Evaluating Urban Environments from a biological and human scale to enhance health, wellbeing and experience.
These are people who work as CEO, C-suite, managers, project managers, freelancers, or creative directors. Their main job is to capture information for the purposes of mass dissemination. Despite a wide range of demographics, they all have very similar tasks in common, this will create some variation in how they use the campus.
They also help steer people, goals, and tasks within the company. They are usually having to devote focus to various different levels of goals, from attending meetings to creating a vision for a project or company. Finally their workday entails work based travel which in a day can take up to 8% of their time. This means that they will be working on high levels of cognitive fatigue and stress aiming to balance the complexities of their tasks and fatiguing factors such as urban travel. Thus it is important to provide spaces to restore.
This “Type” includes data analysts, developers, tech support, accountants, and lawyers.
They are analysing vast amounts of data as well as supporting significant parts of a company.
They are also highly desk-bound and will be them most affected by distraction or overstimulation. A lot of these people will be new recruits to the industry as they will be hired to help make the respective industry more technologically advanced. Therefore they might feel like outsiders from the start.
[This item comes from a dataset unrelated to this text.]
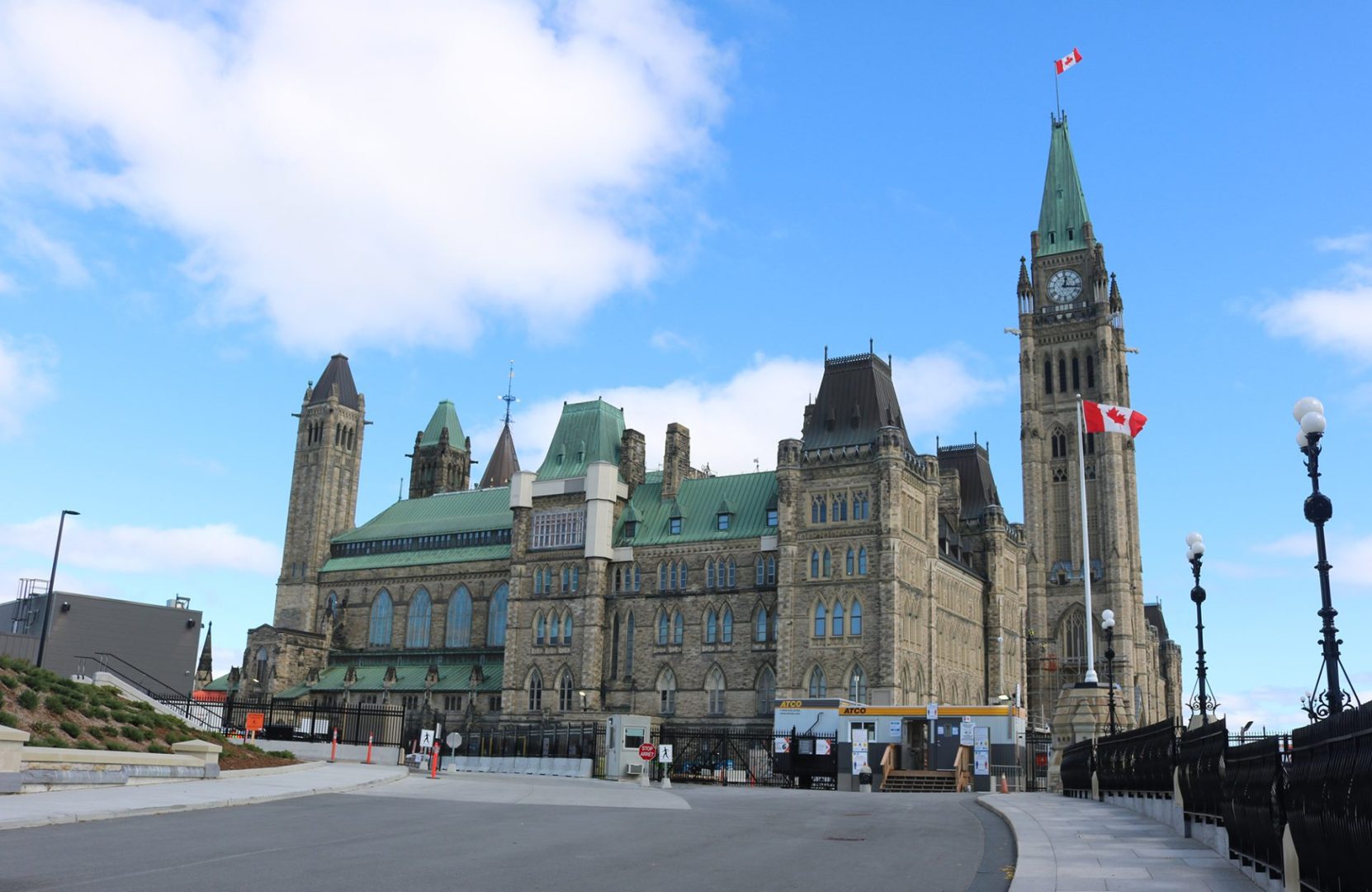 AEM’s Hill Day urges policymakers to future-proof Canada’s economy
This “Type” includes the younger generations who will be in charge of applying the new technologies into work flows, strategies, and products. This is not a literal engineer but one that engineers ideas, concepts, etc.
They will be in charge of collaborating and bridging between generations and eras. Bringing the company up to the 4th Industrial revolution whilst still needing to understand older types of work and strategies. They will spend most of their time in meetings with then contrasted time working alone to put the different puzzle pieces together.